I've done quite a lot of reading about this and I understand it most likely to do with parameter sniffing, which I can't pretend that I understand it, I just want to know how I can fix it, otherwise, I'm going to have to fall back on calling it in c# with generated query strings.
This query runs in a few seconds..
SELECT Count(Id) FROM dbo.BeaconScan WHERE State = 'Archived' AND LastSeen < '29 February 2020';
This one takes forever
DECLARE #Date DATE = '31 March 2020'
DECLARE #Status NVARCHAR(256) = 'Archived'
SELECT Count(Id) FROM dbo.BeaconScan WHERE State = #Status AND LastSeen < #Date;
If you are using the stored procedure, to eliminate parameter sniffing, do this:
DECLARE #DateLocal DATE = #Date
DECLARE #StatusLocal NVARCHAR(256) = #Status
SELECT Count(Id) FROM dbo.BeaconScan WHERE State = #StatusLocal AND LastSeen < #DateLocal
You should examine your actual plans to be sure that the problem is in the parameter sniffing. Only actual plan shows you actual number of rows vs expected + the parameter for which the plan was built.
If you want your query to use your actual parameter every time, you can add recompile option at query level:
SELECT Count(Id) FROM dbo.BeaconScan WHERE State = #Status AND LastSeen < #Date
option(recompile);
SQL Server optimizes queries based on rowcount estimates and heuristics. These estimates can differ with with literals, local variables, or parameters.
With a literal or parameter (parameter declared in the app code and passed with the command), SQL Server estimates counts based on the actual value provided and the statistics histogram (if an index or statistics exist on the column). This generally results in accurate estimates and an optimal plan when stats are up-to-date.
With a local variable (T-SQL DECLARE statement) or OPTIMIZE FOR UNKNOWN query hint, SQL Server estimates counts based on the overall average density of values and ignores the actual value and histogram. This generally results in a compromise plan that might be good enough overall but can be suboptimal for certain values. Adding an OPTION (RECOMPILE) query hint to a query with local variables will instead use the actual local variable values for optimization and yield the same plan as if literals were specified.
Note that parameterized query plans without the RECOMPILE hint are cached and reused. Current parameter values are ignored when the plan is reused so the reused query plan might be suboptimal for the current parameter values. This is another case where OPTION (RECOMPILE) might improve performance.

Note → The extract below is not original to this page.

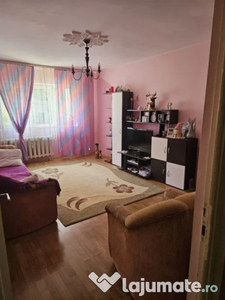 Apartament cu 3 camere decomandate Zona Burdujeni -Cuza Voda 3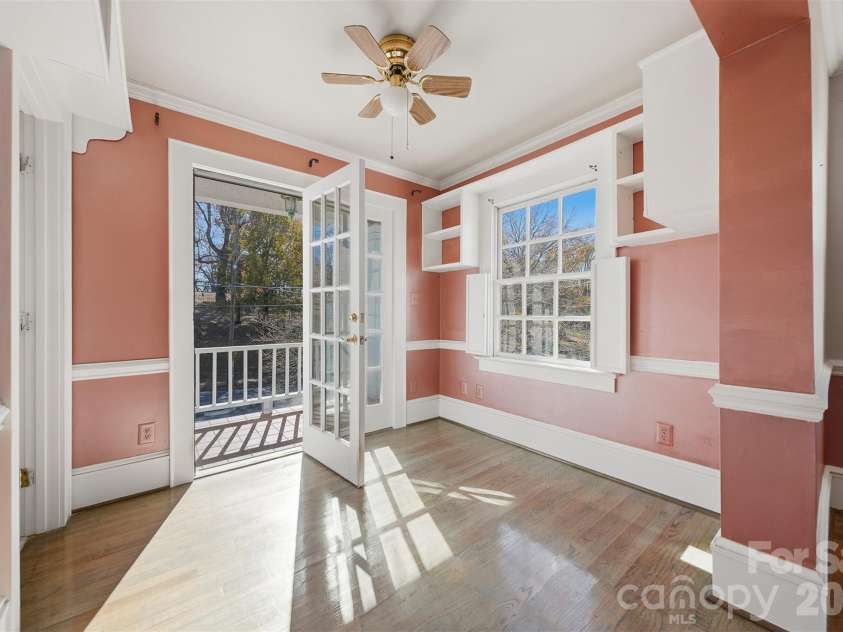 1010 College Avenue, Lenoir, NC 28645.  MLS# CAR4381290, YatesRealty ID 1052.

Use the OPTION (RECOMPILE) hint judiciously, considering query execution frequency. The compilation overhead can outweigh the runtime savings for queries that are executed frequently (e.g. many times per second).
With a literal date, the optimizer can determine if a SEEK will out perform a SCAN. If the table has many years of data, but the query only asks for data after 29 Feb 2020, the optimizer can determine that it needs a small data set and will SEEK. The query will run relatively quickly.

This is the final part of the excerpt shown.